The three boys were brought up on the Texas farm and Sam always spoke of his love for Texas and, in later life, took every opportunity to visit family and friends in that State. Sam and Syrrel were close in age and spent much time together as they grew up. Being brought up on a farm it will come as no surprise to find that the young Sam spent much time hunting and fishing. What is rather surprising, however, is that he is said to have built his own radio when he was twelve years old. His first school, Little Elm School, was a local oneroom primary school. When in the 7th grade at this school he was taught by William Marvin Whyburn, the older brother of Gordon Thomas Whyburn. William Whyburn was starting out on his career and went on to become Chairman of the Mathematics Department at the University of North Carolina.

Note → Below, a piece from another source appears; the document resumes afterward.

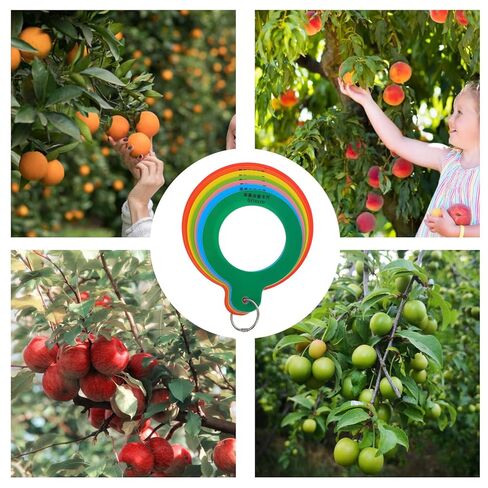 Fruit Diameter Measuring Ring Caliper Gauge, 7-Hole Plastic Fruits Ruler for Size Grading, Oranges and Citrus Diameter Measurement Tool for Farmers and Produce Sorting in Saudi Arabia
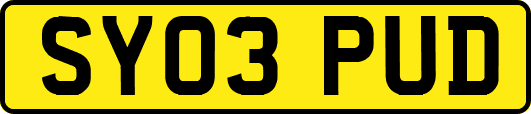 SY03PUD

After studying at Little Elm School, Wilks attended high school in Denton. This school was about 25 km from his parents' farm so the young boy boarded in Denton during the week but walked home to spend weekends on the farm. In his final year at the high school, Wilks would miss lessons so that he could take a mathematics course at North Texas State Teachers College. However, after graduating from High School, he studied architecture and industrial arts at North Texas State Teachers College. However, he was particularly interested in mathematics and took all the available courses on the topic. Along with one of his fellow students on the architecture course, he designed a large drinking fountain which was constructed on the College campus. He received a A.B. in architecture in June 1926. However his eyesight was not too good, and he feared that this would be a handicap if he pursued architecture as a profession so he decided on a career in mathematics.
During session 192627 Wilks taught manual training and mathematics at a school in Austin, Texas and at the same time he began to study mathematics at the University of Texas, taking graduate level courses. Here he was taught set theory, topology and other courses in advanced mathematics by Robert Moore. Wilks found topology a fascinating subject and he loved Moore's lectures on the topic. However, Moore's attitude to applications of mathematics, which he likened to washing dishes, made Wilks look for other topics on which to undertake research. Alex Mood comments in [32]:
Sam's character demanded that his work be immediately and obviously useful [and] Moore was the last man to persuade him that point set theory was useful.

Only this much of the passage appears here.